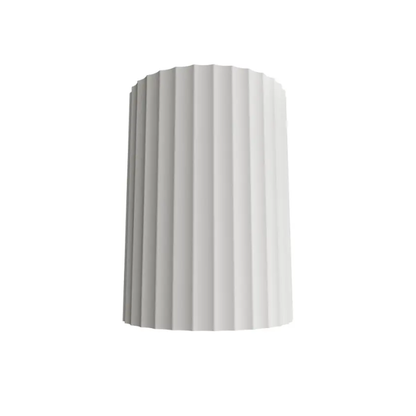 Calibo Munia Sculptural Fluted Up/Down Wall Light with Paintable Gypsum Surface - White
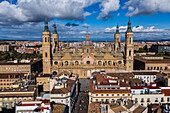 Aerial view of Cathedral-Basilica of Nuestra Señora del Pilar and Alfonso Street in Zaragoza, Spain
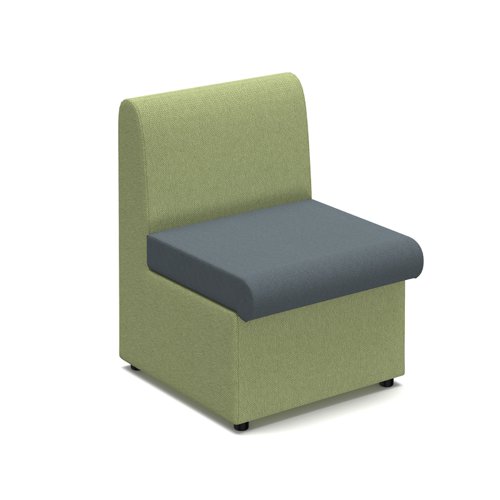 Alto modular reception seating with no arms - elapse grey seat with endurance green back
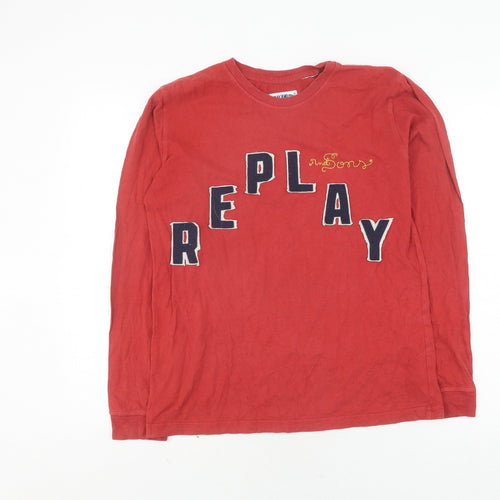 Replay and Sons Teens Red XL Pullover Logo Jumper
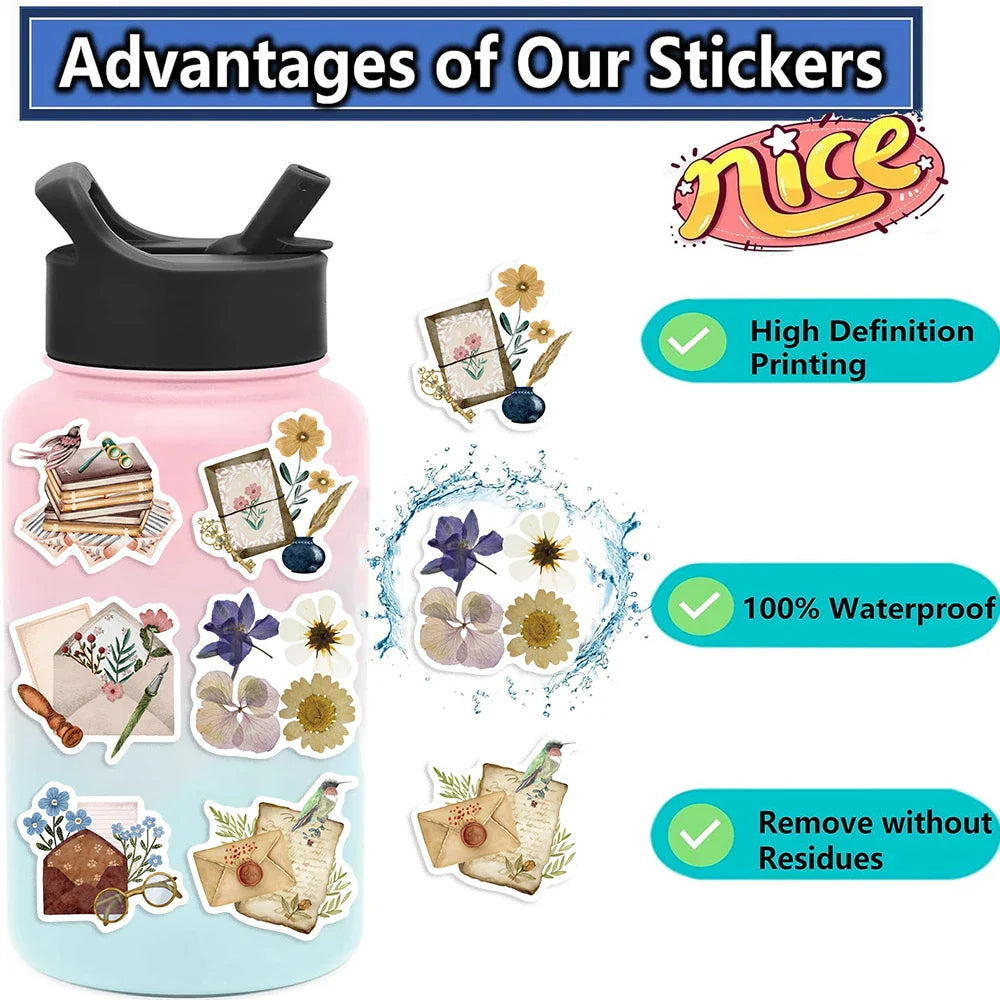 50pcs Time Secret Love Retro Notebook Sticker Aesthetics Cartoon Decals Waterproof Stickers Pack Party Decoration Gift Toys (ONLINE ORDER ONLY)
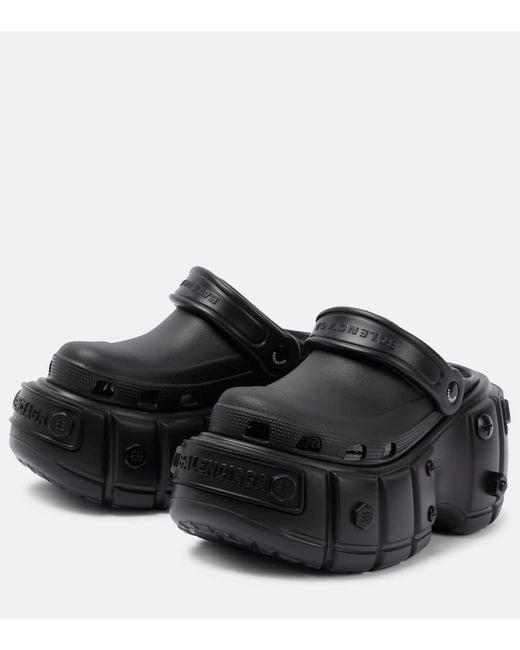 X Crocs - Mules Hardcrocs con platform di Balenciaga in Black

★ ★ ★ ★

§ **REQUIREMENT**
The records above are to be duplicated exactly, pictures left out.

§ **SOLVED PROBLEM**
 Calibo Munia Sculptural Fluted Up/Down Wall Light with Paintable Gypsum Surface - White
 Aerial view of Cathedral-Basilica of Nuestra Señora del Pilar and Alfonso Street in Zaragoza, Spain
 Alto modular reception seating with no arms - elapse grey seat with endurance green back
 Replay and Sons Teens Red XL Pullover Logo Jumper
 50pcs Time Secret Love Retro Notebook Sticker Aesthetics Cartoon Decals Waterproof Stickers Pack Party Decoration Gift Toys (ONLINE ORDER ONLY)
 X Crocs - Mules Hardcrocs con platform di Balenciaga in Black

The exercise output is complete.